The 2007–08 season is the 53rd season of Pakistan domestic football and the 4th season of the Pakistan Premier League and was held from November 1, 2007 to February 6, 2008 under the auspices of Pakistan Football Federation.

Changes
Recently, the Pakistan Football Federation made changes to the league. It was announced that the league has been increased to a total of 14 teams with Habib Bank Limited, which was relegated after a winning 2 and drawing 6 out of 20 games in previous season, has also been given permission to field its team. Similarly, Pakistan Airlines, which had withdrawn its entry from the last year edition at the eleventh hour, will also feature in the coming event.

Format
A total of 182 matches will be played at different venues in Islamabad, Lahore, Karachi, Rawalpindi, Chaman, and Faisalabad. Peshawar, which was also under consideration to host few matches, has been left out of the venues’ list due to financial constraints. In Karachi, 65 matches would be held, Lahore and Islamabad have got 39 matches each, while Rawalpindi, Chaman and Faisalabad will host 13 matches each.

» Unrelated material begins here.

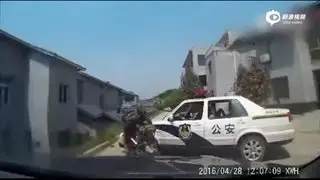 China police chase motorcycle thieves(Si'Chuan province, China)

The winners will represent Pakistan at the 2008 AFC President's Cup. The bottom two teams will be relegated to the Pakistan Football Federation League and two teams (winners and runners-up) from Pakistan Football Federation League will be promoted for the 2008-09 edition..

The matches will be held at 13:00 PST and 15:00 PST respectively on home and away basis.

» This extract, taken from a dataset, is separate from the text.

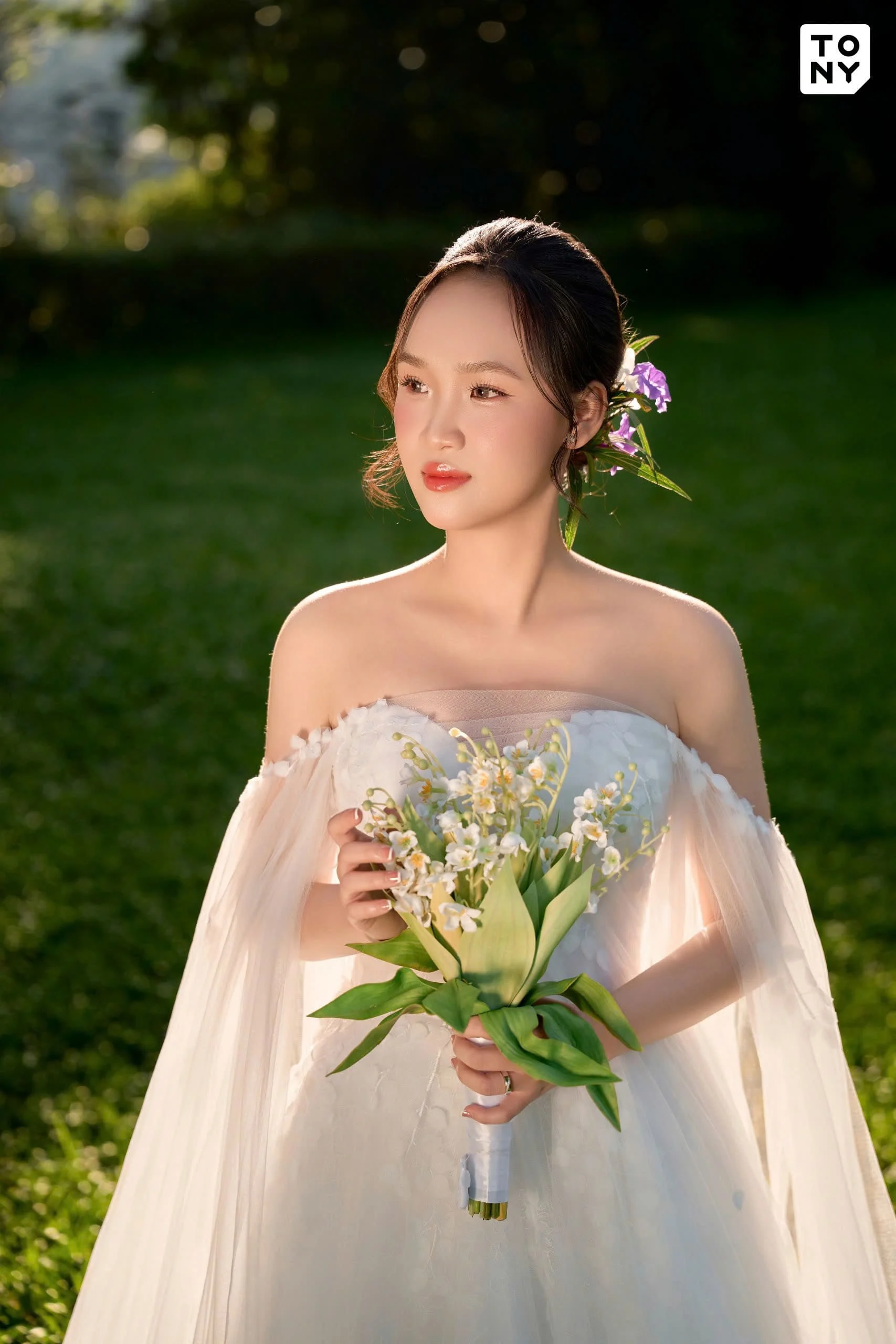 Cô dâu Thu Trang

This season the winning prize will be Rs. 500,000, the runners-up team will receive Rs 300,000 while the third position holder will receive Rs 100,000. All matches are likely to be supervised by neutral referees.

Teams

Stadia and locations

Season summary
The league title went to the final day of the season, with a match between Pakistan Army and WAPDA, with Army only needing a draw to retain their title, however WAPDA went on to win the match 2-1 after two goals from Arif Mehmood completing the comeback after being 0-1 down by a goal from Imran Hussain.

WAPDA won their second Premier League title and sixth top division title and became the first team to end a season undefeated.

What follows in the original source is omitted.